“Judicial Territory is a work of singular quality and originality. Shaina Potts presents a remarkably subtle and wide-ranging analysis of the United States’ long-term creep into both the international domain and the sovereign spaces of other countries. Potts brings legal analysis to life, with a fluent and incisive style, an eye for contradiction, irony, and drama, and a facility for navigating thickets of legalese in pursuit of compelling, telling, and revealing story lines. Judicial Territory is a tour de force.”
-- Jamie Peck, author of Variegated Economies
“At a moment when so many US citizens are increasingly skeptical of the Supreme Court, Shaina Potts tells a captivating and crucial story that contextualizes the present while pointing to its troubling implications. Placing readers at the center of the tight embrace between US courts and global capital, Potts shows how the US judiciary extends judicial territory for systemic and structural reasons relating to the dynamics of US geopolitical and economic power. She allows us to see that the relationship between US law and capital is not the result of a few ‘bad apple’ judges; it is actually fundamental to the whole enterprise.”

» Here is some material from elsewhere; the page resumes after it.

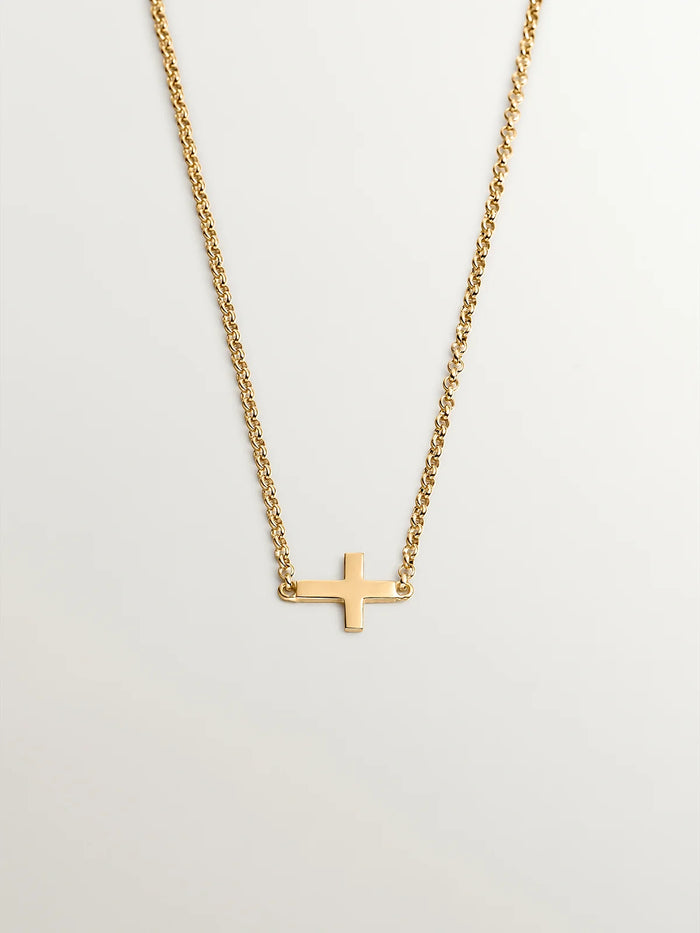 Colgante de plata 925 bañada en oro amarillo de 18K con cruz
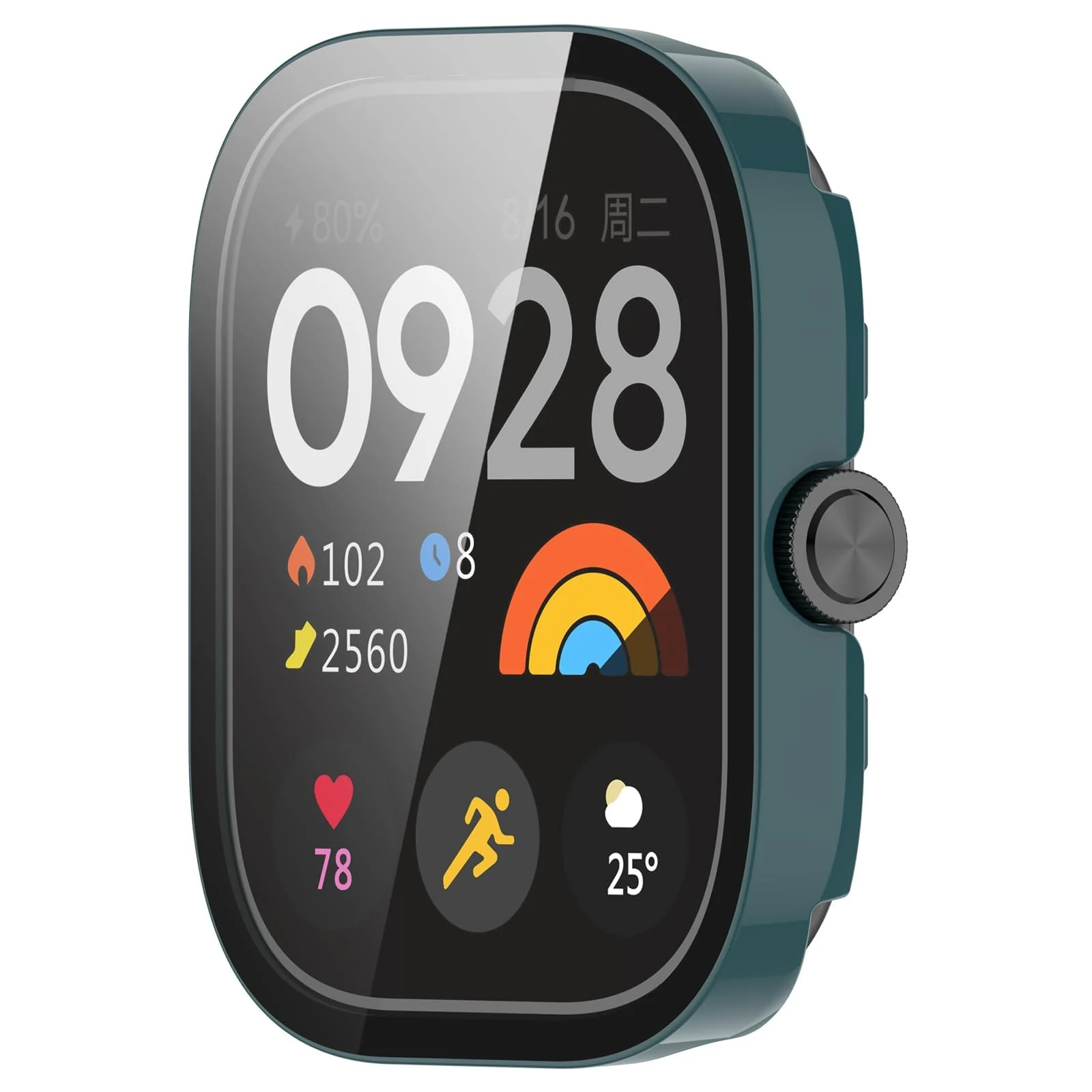DL3 MOBILAK Full-Coverage Watch Case with Tempered Glass for Xiaomi Redmi Watch 4, Green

-- Joshua Barkan, author of Corporate Sovereignty: Law and Government under Capitalism
"Potts’s study is capacious, offering insights on everything from financialization and hegemony to international trade and globalization. But at the core of the book is the history of how we got from US courts being willing to rule in favor of foreign governments and against American firms in the 1920s to the opposite outcome in the 21st century. . . . What Potts has brought to light with Judicial Territory is the crucial role of the law in fashioning and enforcing such subordination—that is, in demanding and securing the obedience of sovereign states."